But while Ron and Barney’s relationship might be akin to that of a boy and his dog, Ron’s personality was actually inspired by faulty, and frustratingly enthusiastic technology from generations past. 

“One of Ron’s really good early references was when we talked about the Microsoft paperclip that would pop onto your screen and go ‘Hi, can I help you with that? It looks like you're writing a letter!’” remembers Smith. “It was that sort of slightly annoying, perky, generic, straight out of the box voice, full of exclamation marks. And certain people will recognize the older modem, fax machine sound when [Ron] first wakes up. That’s definitely a joke for people over a certain age.”

And it was that incredibly annoying but eager-to-help “90s computer desktop assistant personality” that inspired both Ron’s least appealing trait and most sincere attribute. “Only four percent of what’s supposed to be downloaded into Ron actually gets downloaded,” says Baynham. “But that’s what people love about him. He's got nothing, but he gives it his best. By the end, you feel there's a huge bond between the two characters.”

Smith adds, “This poor kid [Barney] just wanted one of these things that everyone else has. And when he gets it, it's a complete disaster. Of course, all the other kids have these amazingly cool, personalized bots and the idea that you get that generic one seemed like a really funny beginning. They have to sort of start from the ground up and learn about each other. They come from a place of opposition, but the best relationships do, right?”

Even Ron’s B-Bot design - while modern and slick - was derived from the idea of a broken TV; the team started with the concept of a workable B-Bot and then stripped away all the fun perks that are meant to come with the device. “The first thing we designed, our starting point, was this super cool bot that does work,” explains Smith. “JP [Vine] obviously worked on that a lot, as did Aurélien Predal, our designer, and a brilliant German designer named Till Nowak, who if you really wanted to design a B-Bot, I’d get him to do the real one.”

She continues, “And then, once we had that, we knew that Ron was basically like an old television version of that with a blank screen.”

Ron’s character also provides a welcomed “blank slate” and clean simplicity compared to the film’s futuristic world of sensory overload, where every kid’s B-Bot is not only liking, posting, downloading, gaming, and fashioning every color combination known to man, but also re-skins in real-time to visually represent its owner’s personality. 

“Our movie has an incredible amount of graphics because Ron’s world does, and suddenly we were seeing it all happening [visible to everyone] on the bots themselves instead of privately on the kids’ phones,” says Smith. “For a long time, it felt like the production around me was in denial about that. I kept saying, ‘You know, we're going to have to figure out how every kid has a bot, and all those bots are relevant to that kid, and they're all moving in sync with each other, but also some of them need to be interacting with social media and some of them should be sending messages.’ And they'd be looking at me like, ‘Shit.’”

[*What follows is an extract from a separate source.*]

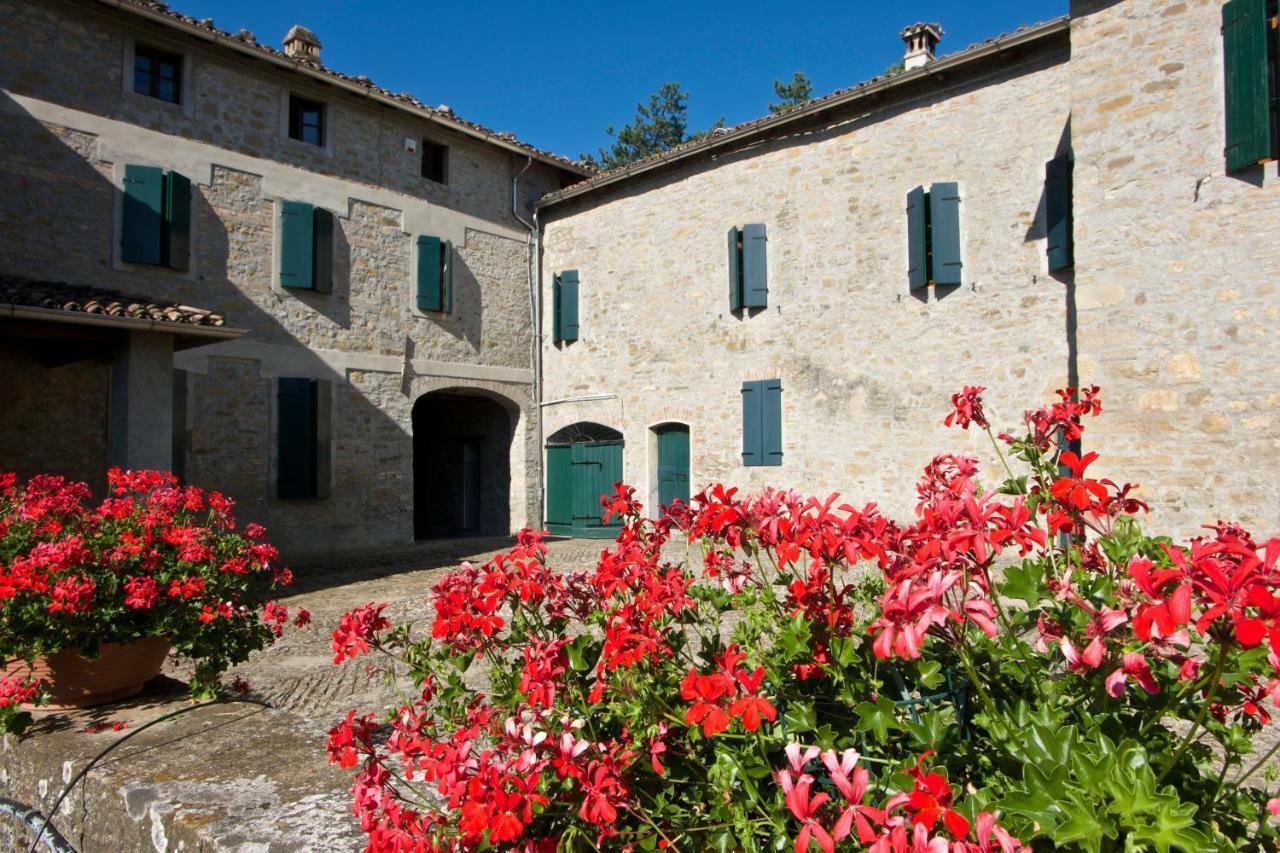 Neviano degli ArduiniLa Corte Bonomini住宿加早餐旅馆 外观 照片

Smith notes that one of the film’s beginning shots, when Barney walks up the stairs to the school, shows a variety of background character students sending messages and liking posts on their B-Bots. According to the director, there were four animators working on that shot for several weeks. “The complexity of all the crowd animation, and then you add the B-Bots in as well, was off the charts,” she says. 

But as complex as the film’s graphics were – including shots showing B-Bots linking to form a large, monster bot – the depiction of robots as the epitome of personal, socially connected technology speaks directly to the present-day realities Ron’s Gone Wrong aims to portray. 

“Everyone's living this thing,” says Baynham. “It's not just kids, and it's not just adults. Everyone is living through this explosion, this revolution of technology and social media. I remember when my first daughter Ruby was born, and I saw a kid, back in the day, with a CD ROM in a restaurant, and I said to myself, ‘Ruby's never going to be on one of those things.’ And of course, cut to literally three years later, and we’re handing her an iPad.”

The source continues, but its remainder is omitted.